In contrast, provincial governments have been actively facilitating the transition to pension plans jointly-sponsored by provinces and their agencies, with various forms of risk sharing. For example, Ontario and the Ontario Teachers’ Federation began this process decades ago through the creation of the OTPP and an arms’ length organization to manage it.
These ‘partners’ are jointly responsible for the ongoing sustainability and fairness of the plan, separate from the broader collective bargaining process and the adversarial atmosphere surrounding it. Once the partners agree on the framework, they turn to the OTPP to implement consistent funding and investment policies, using risk monitoring and management tools that are widely envied and imitated. These jointly-sponsored, funded shared-risk plans are now the rule rather than the exception in the provincial public sectors. Their success has made the “maple leaf pension plan” a premium brand around the world.
The recent debate over pension design and governance at Canada Post has created an opportunity for Ottawa. The recent OGGO report on Canada Post specifically recommended Ottawa working with Canada Post “to modernize Canada Post’s defined benefit pension plan”. This should include studying the feasibility of moving to a jointly-sponsored, shared-risk pension model.
Ottawa should consider that recommendation as it starts modernizing all pension plans it sponsors. Giving management and labour joint fiduciary responsibilities would produce more cost-effective and fair pension plans. Importantly, it would give federal workers a meaningful role in the stewardship of their financial future and pre-empt any unilateral move by a future government to far inferior defined contribution plans. Paraphrasing Minister Bains, the pension innovations proposed here would make things better for pensioners, federal workers, and taxpayers.

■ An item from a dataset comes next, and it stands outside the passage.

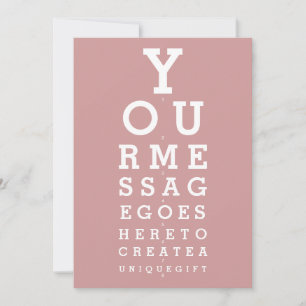 Invitación Prueba de Vista Ojos Rosa Polvo Mensaje Personaliz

Keith Ambachtsheer is Director Emeritus of the International Centre for Pension Management at the Rotman School of Management, University of Toronto. He is the author of “The Future of Pension Management” (2016).
Jim Leech is Chancellor of Queen’s University and was CEO of Ontario Teachers’ Pension Plan from 2007 to 2013. He is the co-author of “The Third Rail: Confronting our Pension Failures” (2013).